The maintenance of the immune system can be costly, and a lack of dietary protein can increase the susceptibility of organisms to disease. However, few studies have investigated the relationship between protein nutrition and immunity in insects. Here, we tested in honeybees (Apis mellifera) whether dietary protein quantity (monofloral pollen) and diet diversity (polyfloral pollen) can shape baseline immunocompetence (IC) by measuring parameters of individual immunity (haemocyte concentration, fat body content and phenoloxidase activity) and glucose oxidase (GOX) activity, which enables bees to sterilize colony and brood food, as a parameter of social immunity. Protein feeding modified both individual and social IC but increases in dietary protein quantity did not enhance IC. However, diet diversity increased IC levels. In particular, polyfloral diets induced higher GOX activity compared with monofloral diets, including protein-richer diets.
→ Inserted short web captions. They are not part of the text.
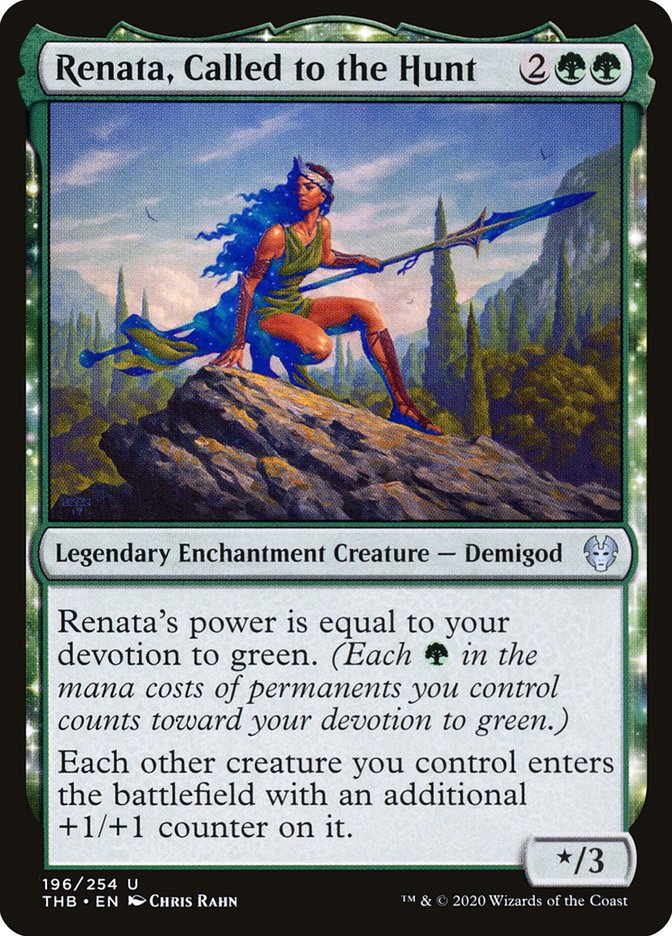 Renata, Called to the Hunt 196 (Theros Beyond Death)  - Foil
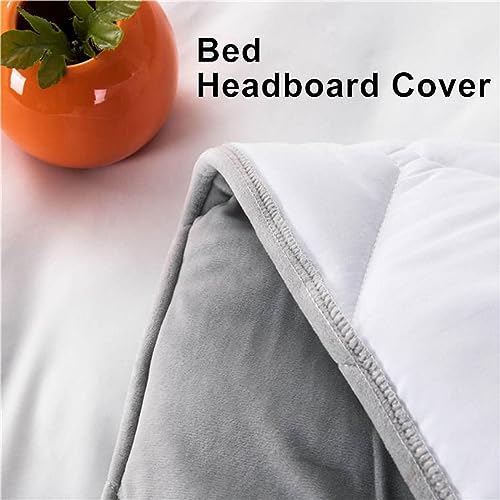 Copri Testata Copri Testiera Imbottita Letto Singolo 90 Cm Copertura Per Testiera Cuscini Testata Letto Matrimoniale Ferro Battuto Lavabile Per Decorazione Camera Letto,White-180Cm - 4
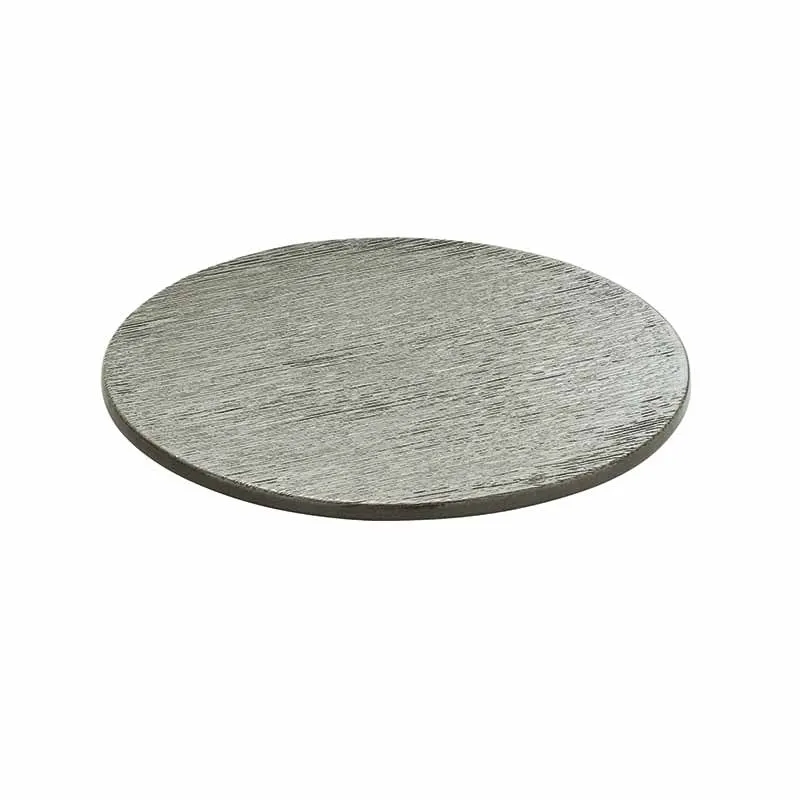 Artis Brush Grey assiette ronde 25 cm grise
These results suggest a link between protein nutrition and immunity in honeybees and underscore the critical role of resource availability on pollinator health.


Figure 1.
Figure 1.
Effect of pollen diet on IC in 5 (open bars) and 10 days old bees (filled bars). (a) Haemocyte concentration, (b) phenoloxidase activity, (c) fat body mass and (d) GOX activity. Eight bees per cage for each experimental group were analysed for each immune parameter. The protein percentage of each pollen diet is indicated on the x-axis. Each letter indicates significant differences between diets (p < 0.05, NewmanKeuls post hoc tests). No significant interaction between the diet and age factors was found (p > 0.05 for each immune parameter). Data show mean ± s.e.